Figure 3. A. baumannii OMVs deliver virulence factor AbOmpA into host cells.

(A) HeLa and HEp-2 cells were treated with A. baumannii OMVs (5 µg/ml of protein concentrations) for 12 h. The cells were fixed, permeabilized, and stained with anti-rabbit AbOmpA antibody, followed by Alexa Fluor® 568-conjugated rabbit IgG (red). DAPI was used to stain the nuclei (blue). Magnification: ×400. The U937 cells were treated with 5 µg/ml of A. baumannii OMVs for 4 h and then stained with anti-rabbit AbOmpA antibody, followed by Alexa Fluor® 488-conjugated rabbit IgG (green). Magnification: ×1,260. (B) Western blot analysis of cell lysates. The differentiated U937 cells were treated with A. baumannii OMVs (20 µg/ml of protein concentrations) for the indicated times.
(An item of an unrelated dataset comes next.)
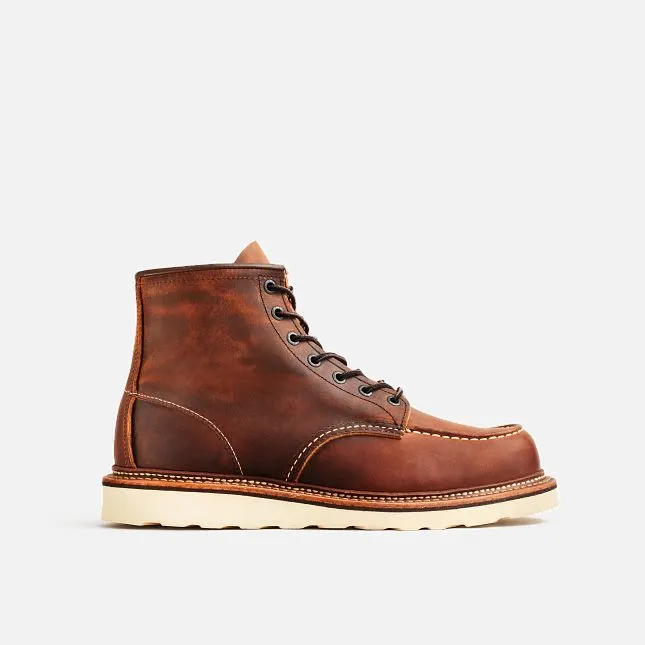 Red Wing Heritage Classic Moc 1907 - Copper Rough and Tough sold by Franklin and Poe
Cell lysates were separated on 12% SDS-PAGE, transferred to membranes, and immunoblotted with a rabbit anti-AbOmpA immune serum and β-actin antibody.

Figure 4. A. baumannii OMVs interact with plasma membrane of host cells through a cholesterol-rich membrane microdomain.

(A) HeLa cells were treated with OMVs (5 µg/ml of protein concentrations) for 4 h. (B) HeLa cells were preterated with 10 mM MβCD for 45 min and then treated with OMVs for 4 h. The cells were fixed, permeabilized, and stained with anti-rabbit AbOmpA antibody, followed by Alexa Fluor® 488-conjugated rabbit IgG (green). DAPI was used to stain the nuclei (blue). Magnification: ×630.

Figure 5. Flow cytometric analysis of cell death induced by the OMVs from A. baumannii ATCC 19606^T and the ΔompA mutant.

The differentiated U937 cells were treated with various concentrations (0, 10, 20, 50, and 100 µg/ml) of OMVs and stained with Annexin V and PI. Upper panel, control cells without OMVs for 24 h. Middle panel, the cells were treated with OMVs from A. baumannii ATCC 19606^T for 24 h. Lower panel, the cells were treated with OMVs from the ΔompA mutant for 24 h. Representative data from three independent experiments are shown. In the graph, cells in right upper and lower parts are apoptotic cells and cells in left upper part are necrotic cells.

Figure 6. Host cell entry and cytotoxicity of rAbOmpA fragments.

(A) HeLa cells were treated with different forms of micelles containing rAbOmpA fragments for 24 h. The cells were fixed, permeabilized, and stained with anti-rabbit AbOmpA antibody, followed by Alexa Fluor® 568-conjugated rabbit IgG (red). DAPI was used to stain the nuclei (blue). The subcellular localization of AbOmpA was observed by confocal microscopy. Magnification: ×400. (B) The differentiated U937 cells were treated with different forms of micelles containing rAbOmpA fragments for 24 h. Cell viability was determined by a WST-1 assay. Untreated control cells (⧫), rAbOmpA_22-170 (•), rAbOmpA_1-356 (X), and rAbOmpA_221-339 (▪).